Not long after the road turned to dirt, I saw pink. “Lady’s slippers, back up.” Joe couldn’t believe I saw them at the speed we were moving, and they were on his side of the car, but I have a built-in radar for my favorite wildflower. We pulled off the road and not only did we find plenty of lady’s slippers, but a large patch of bunchberry awaited us as we got out of the car. We spent twenty minutes or so doing the “wildflower crouch,” to get down nice and low and be one with the flowers. After our pit-stop, on we went. Being in the shotgun seat gave me the ability to scan the forest along the road for targets. I let out another “wait, back up, I thought I saw something,” and sure enough another wildflower to add the portfolio. After breaking out the trusty Audubon Wildflower app on my iPhone, I discovered we had found some bluebead lilies. Where the blue comes from I don’t know, because as you can see, they are yellow. We found a lot of them and did our best, but the very  slight breeze combined with the flowers long skinny stem, made getting sharp images a challenge. I did get lucky, and out of the corner of my eye, dragonfly! I’m always willing to point the camera at dragonflies, and this one stayed quite still as if wanting its portrait made. It was also another good test of my new Sigma 150mm Macro lens. I need all the practice I can get too. Getting the focus exactly where I wanted it was truly a test of my patience and willpower.

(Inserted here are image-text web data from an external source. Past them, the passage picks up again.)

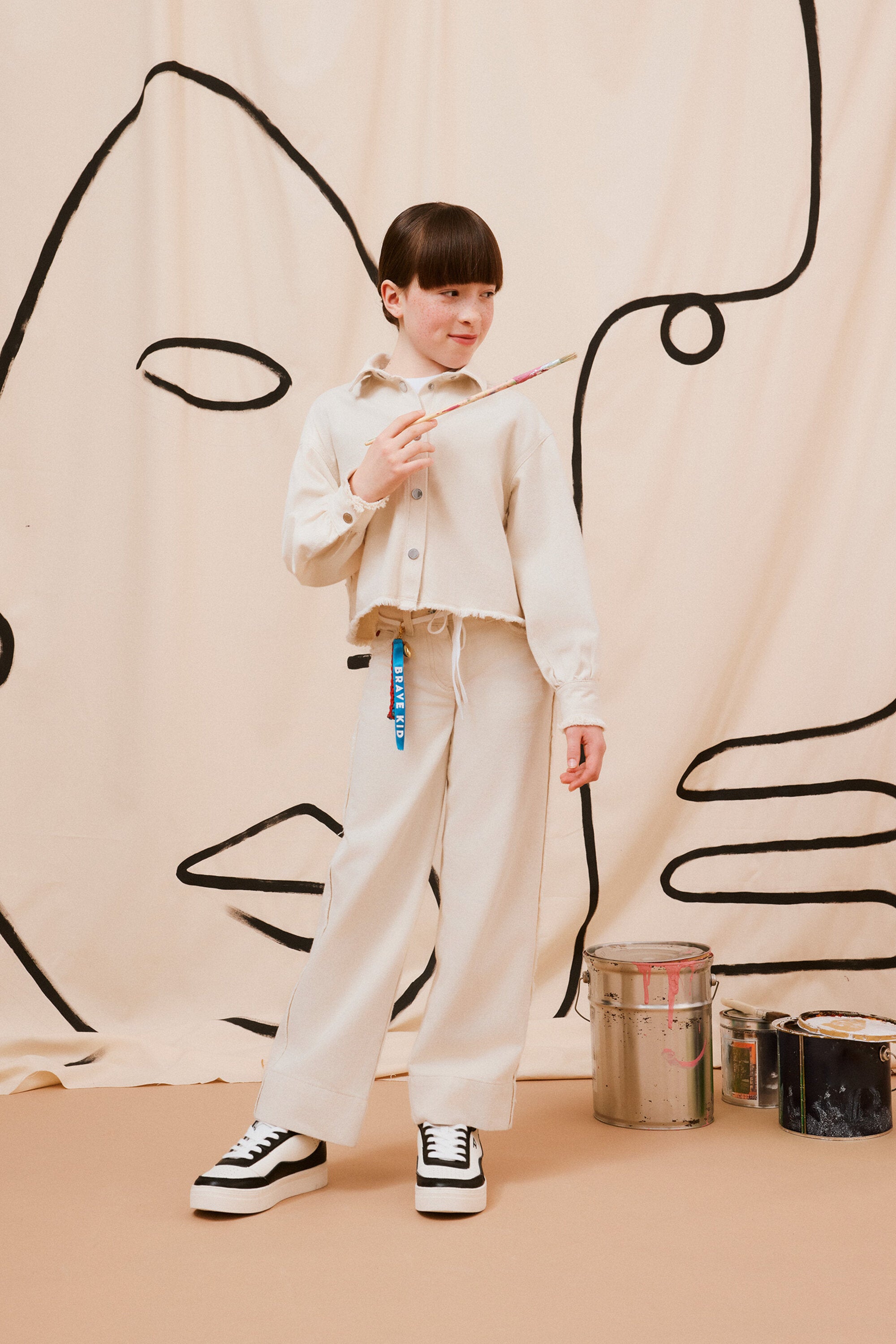 Flare jeans with raw cut details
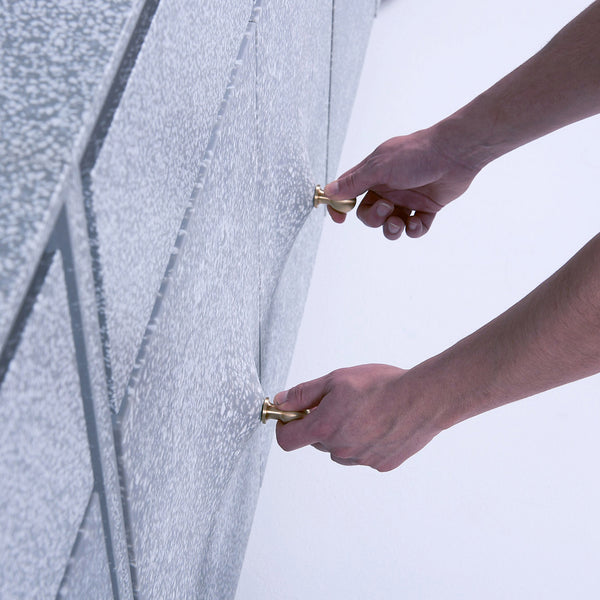 Masque Thing cabinet features stretchy doors and "sumptuous" legs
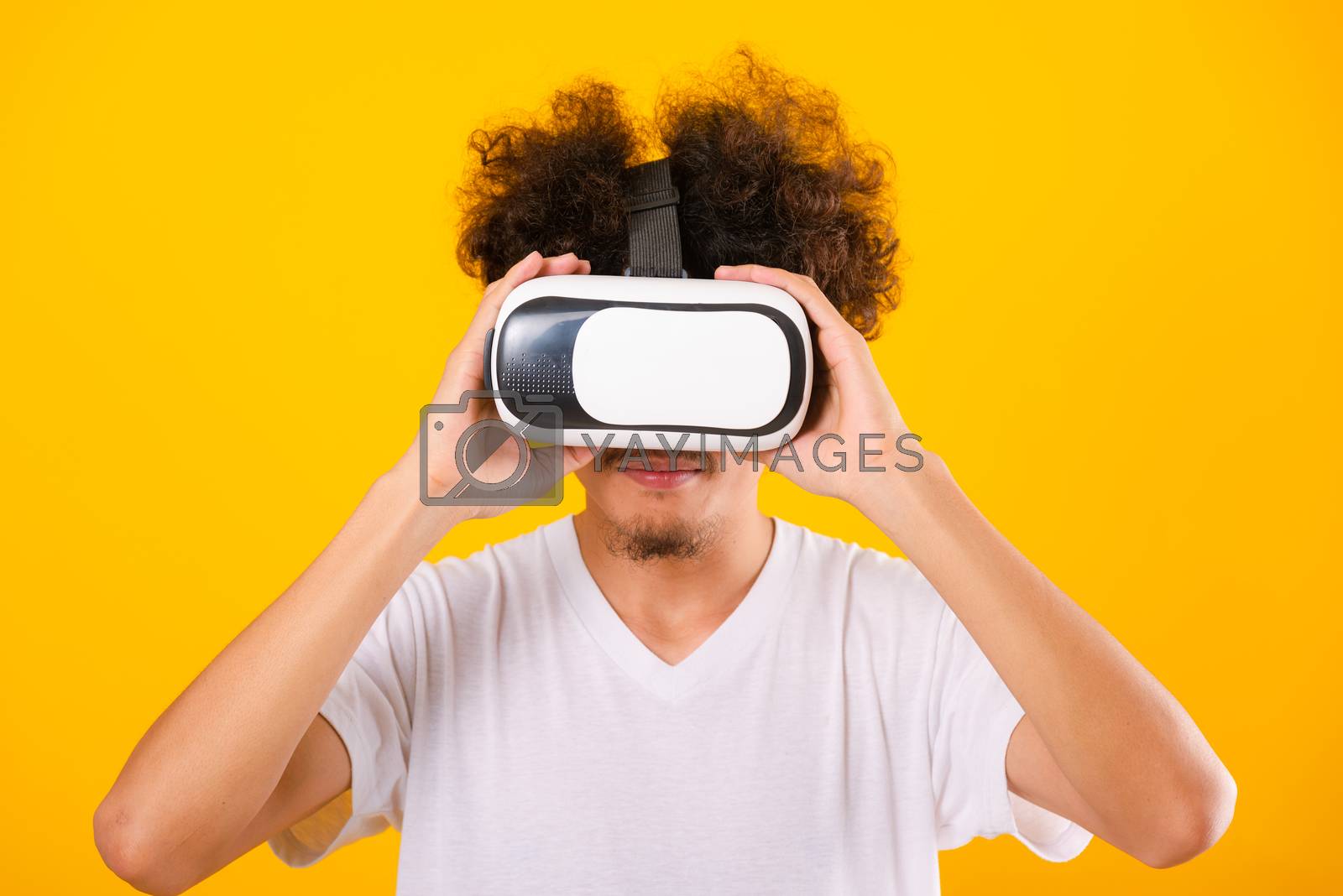 Royalty free image of Asian handsome man with curly hair he using virtual reality head by Sorapop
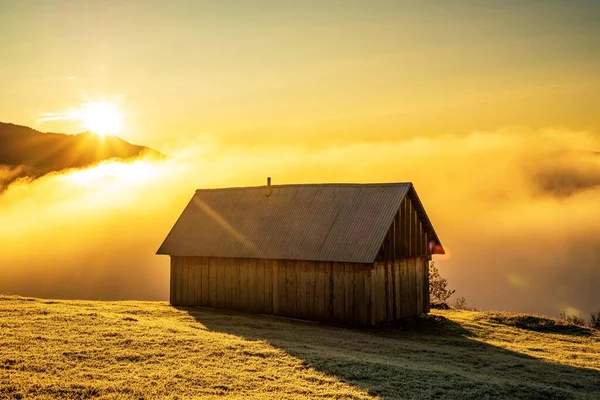 Una casa solitaria se encuentra en un claro en el fondo de un hermoso cielo y niebla blanca —  Fotos de Stock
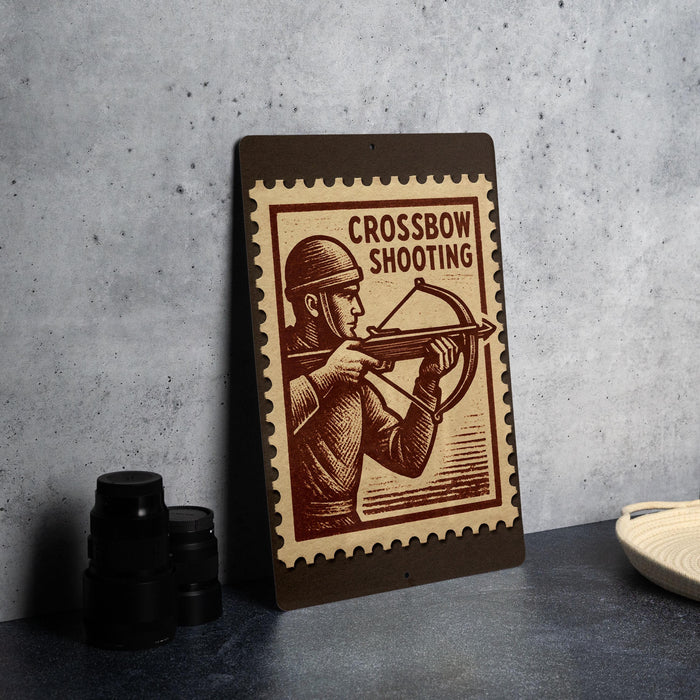 a brown wooden frame with a stamp-like design on it, depicting a man holding a crossbow.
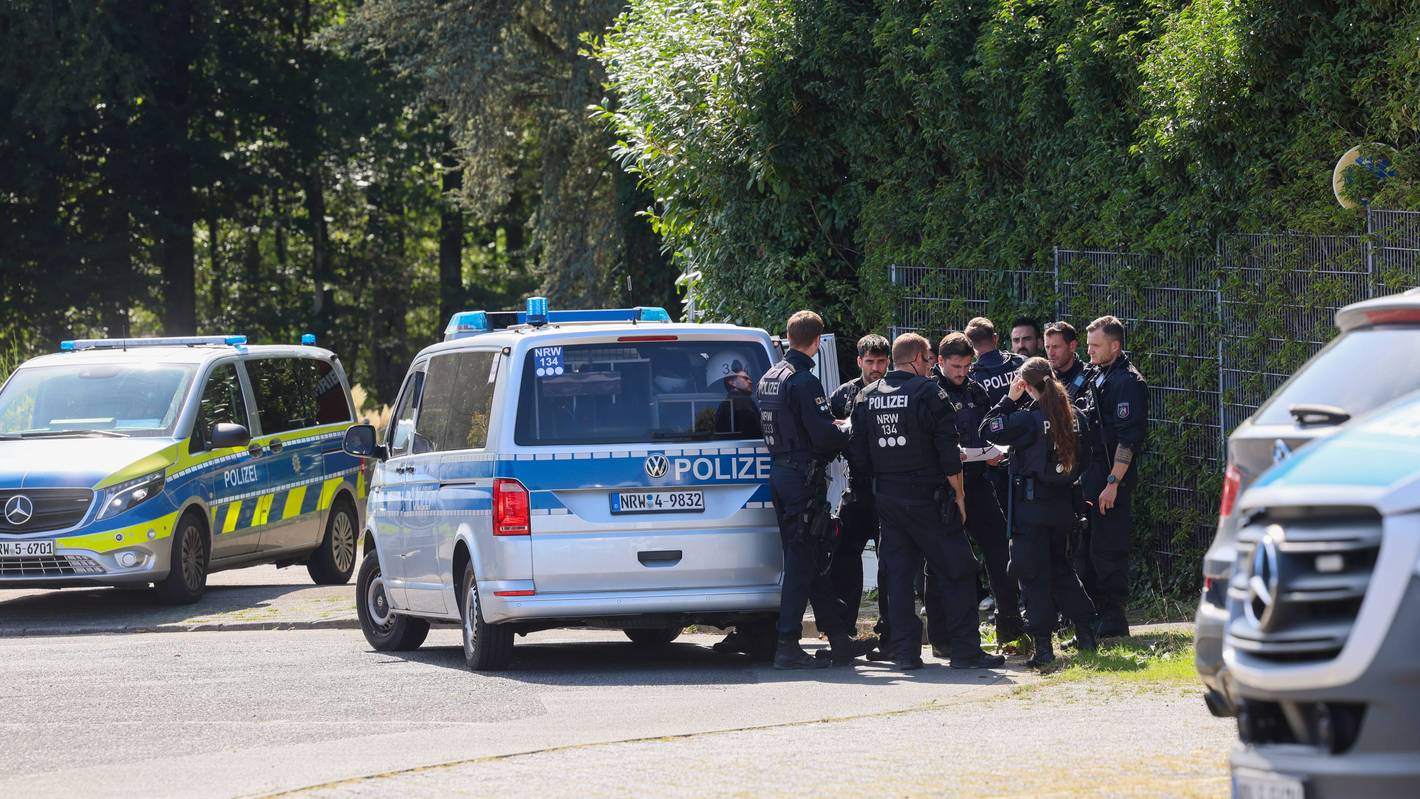 Polizisten rund um ein Einsatzfahrzeug bei einer Fahndungsmaßnahme.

Coming to the end of the road, it was time to head north to Sugar Hill and the purple, pink, and white lupine. I had been hearing reports that it was a good year, and was not disappointed by the numbers of flowers in the fields. Based on the direction of the light, one thought immediately came to me, most of the best fields received their best light during sunrise, and would be in shadow for our afternoon shooting. It took me a while to get my groove on, but once I did I think I came away with several very nice images and a realization about my photographic style. But I’m going to save that for another time. Let me just say I wandered around aimlessly for a bit until the “Eureka!” moment struck. After traveling to several different spots in Sugar Hill looking for the perfect view we ended up in the field behind St Matthews church. Personally, I think this is the nicest field of lupine in town, book-marked on one end by the church and the other by an old hay rake. Both making wonderful elements in a photograph. It was in this field that I made the two images that to me made the day worth it. It was here that I also realized that ticks love me. It seemed every time I looked down I had several crawling up my leg. But even after picking well over a dozen off of me while in the flowers, and several more on the drive home, I’ll be back. It will take more than a few ticks to scare me off. Whether down on my knees, or lying on my belly, next year I’ve got a date with the ticks in June in Sugar Hill’s Fields of Lupine. I’ll just go a little heavier on the DEET cologne for my next date.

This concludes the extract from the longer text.